1_Murakami-Saburo_Passing-Through Murakami Saburō, Passing Through, 1956 © Murakami Makiko and the former members of the Gutai Art Association, courtesy Museum of Osaka University

We recently had the opportunity to experience Gutai: Splendid Playground, an exhibition currently on view at the Guggenheim. The show highlights the varied visionary practices of a collective of  avant-garde  Japanese artists called Gutai, lead by Yoshihara Jirō from 1952 to 1972. The exhibition is one of the first in-depth engagements with this important group staged in the United States.
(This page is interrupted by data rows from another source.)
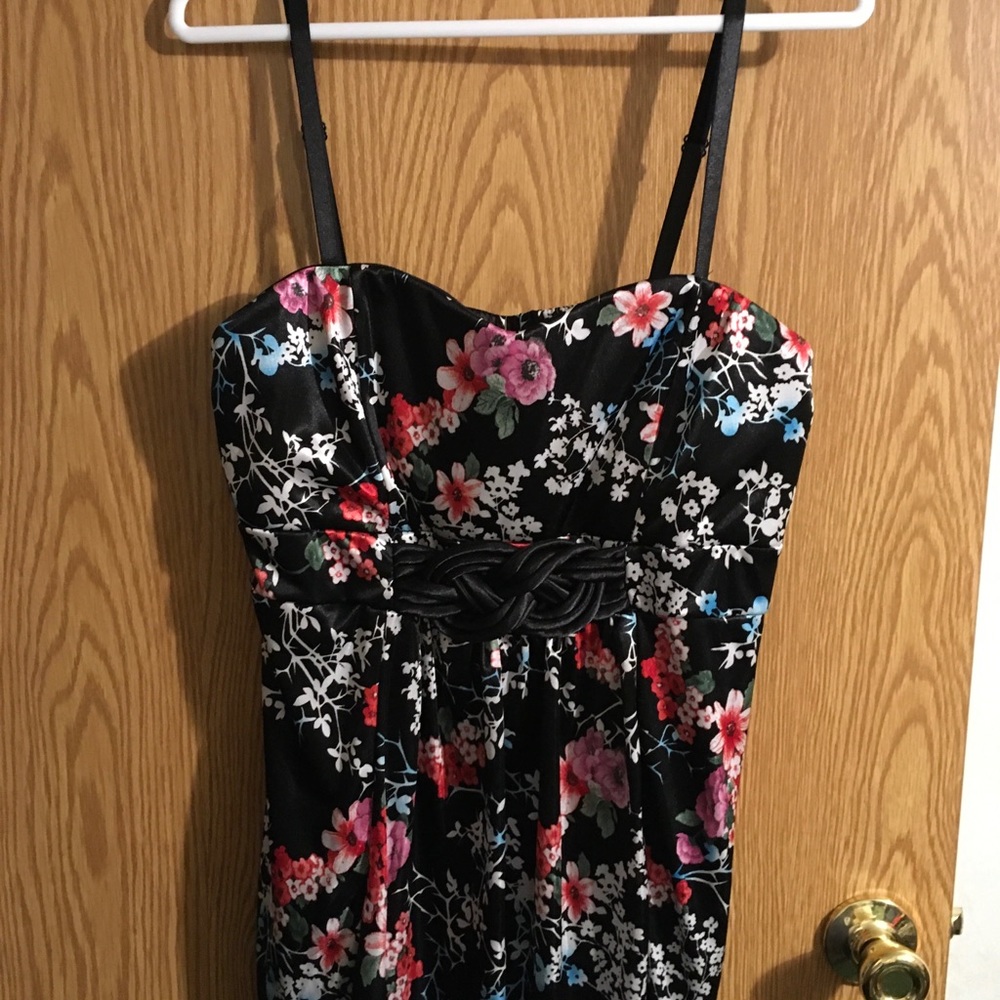 Torrid Black floral braided tank Size 2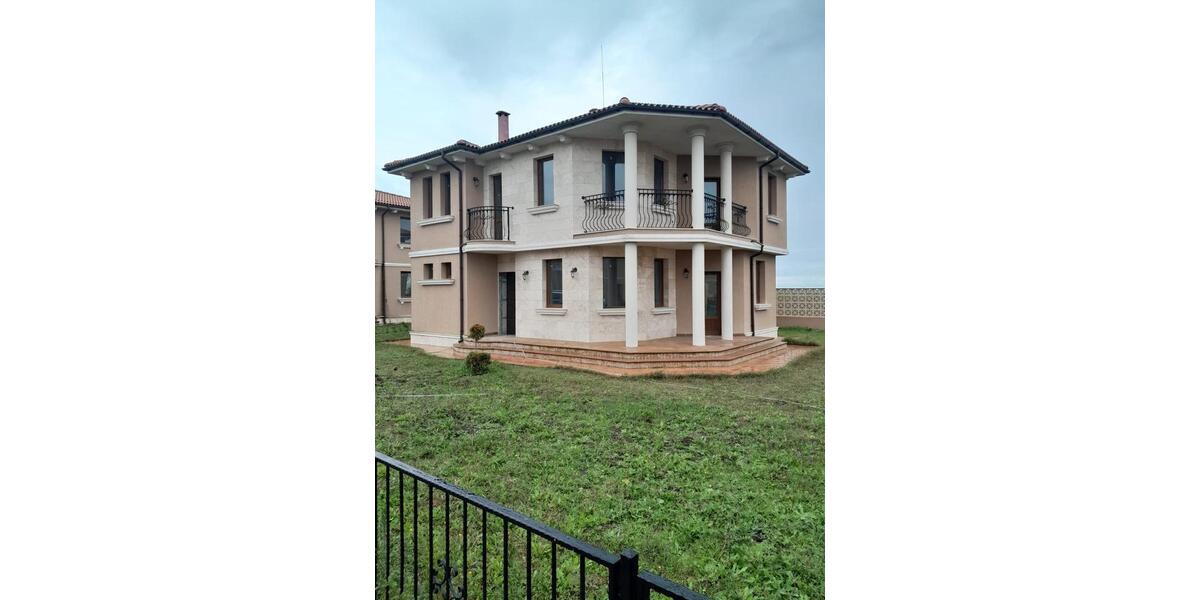 Einfamilienhaus Fellbach Oeffingen - 5 Zimmer, 217 m&sup2;, 280.000&euro; | Angebot:23691870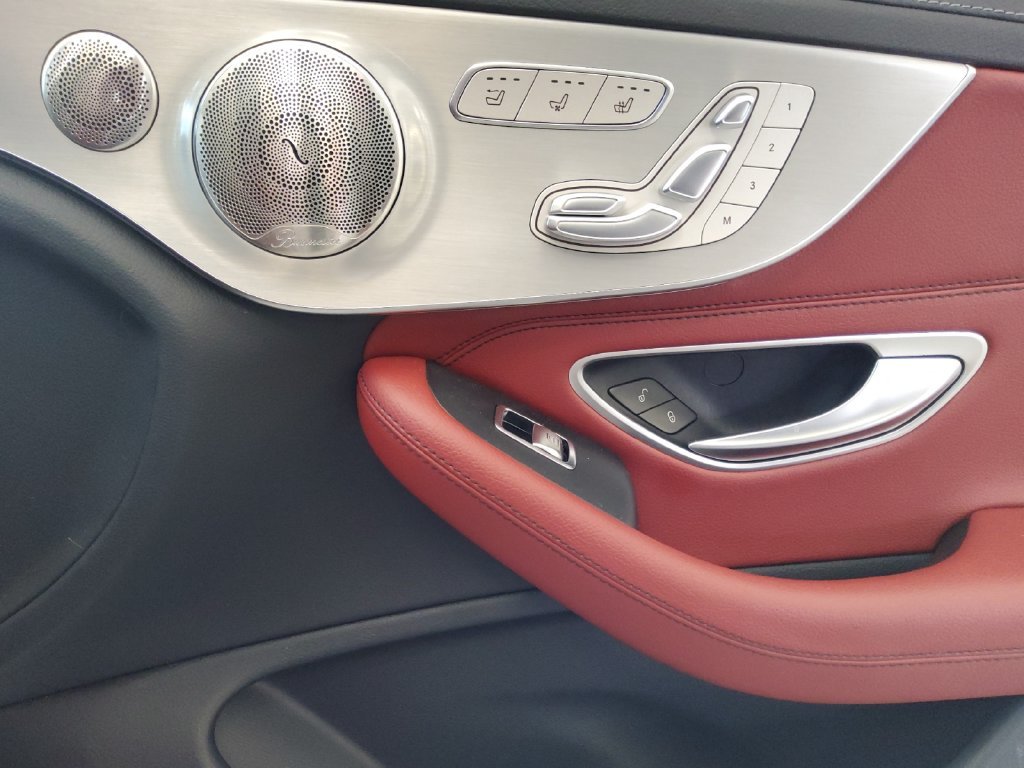 Used 2023  Mercedes-Benz C 300 image 15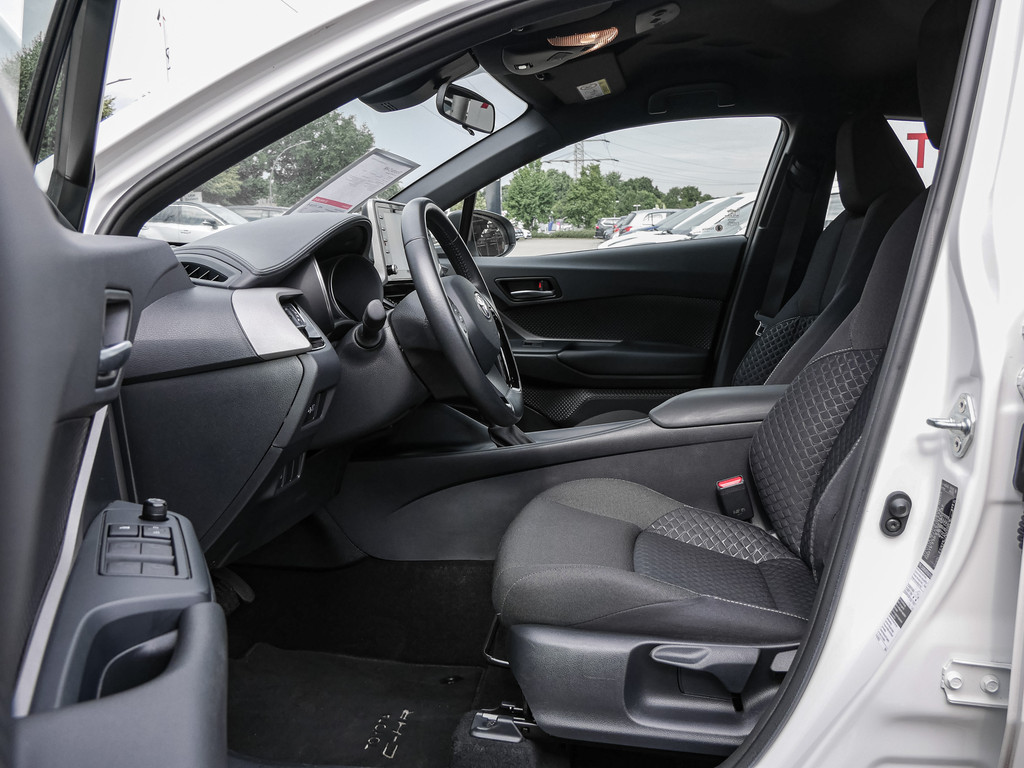 Fahrzeugansicht TOYOTA C-HR HYBRID Flow - Bild 4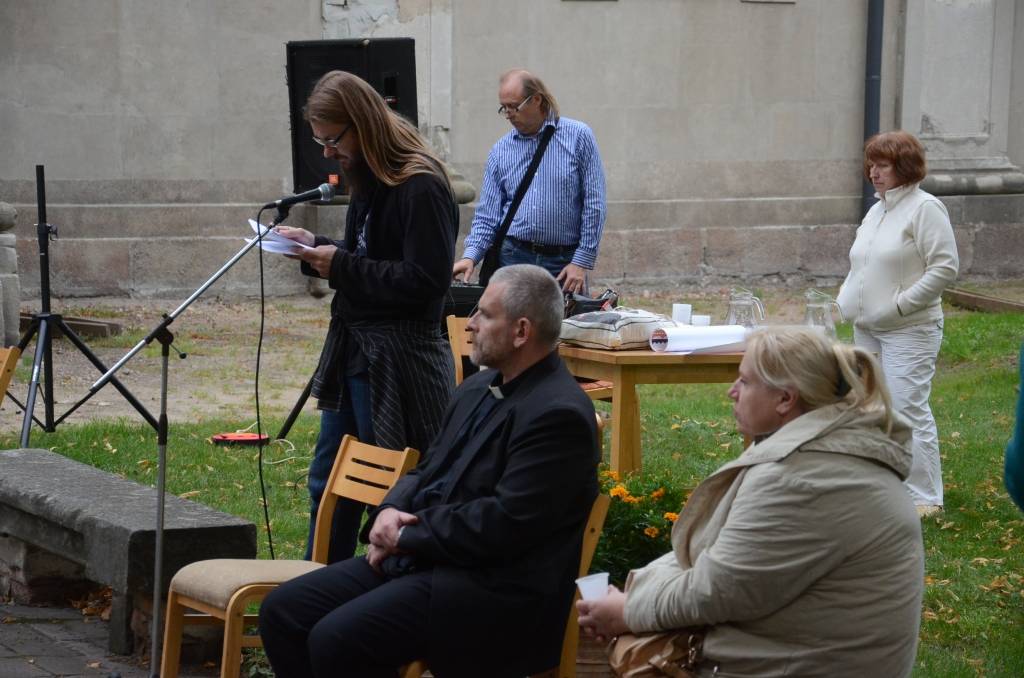FOTO.VIDEO: Dzejnieku grupa "Septembra putni" satiekas "Rudenī.Dzejas bolē"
Reproduced on one of walls of the Museum is the notable “Gutai Manifesto,” written in 1956. The manifesto includes remarkably timely insights, such as:

“If one leaves the material as it is, presenting it just as material, then it starts to tell us something with a mighty voice.”

Or, materials have been “loaded with false significance by human hand and by way of fraud, so that, instead of just presenting their own material, they take on the appearance of something else. Under the cloak of intellectual aim, the materials have been completely murdered and can no longer speak to us.”

And, that material assumes beauty “when it is freed from artificial make-up and reveals its original characteristics.”

After World War II, the Gutai artists turned away from making work that expressed human-centered stories. Instead of focusing on translating what humans thought and felt, they instead put energy into focusing on material in and of itself. It was time to pay more direct attention to paint as a substance, rocks as things, light as material, mud as texture and flow. Matter itself needed to be “heard,” felt, moved with, passed through and more directly experienced. Materials needed to be freed from being mere conduits for human stories and, instead, recognized as forces unto themselves.  These realizations are likely an indecipherable combination of Japanese cultural tendencies to be aware of materiality in general.  Such tendencies far pre-dated the War, but were likely compounded by experiences of being being deeply affected by the material impact and imprint of the atomic bomb (the “force of things,” at its most forceful).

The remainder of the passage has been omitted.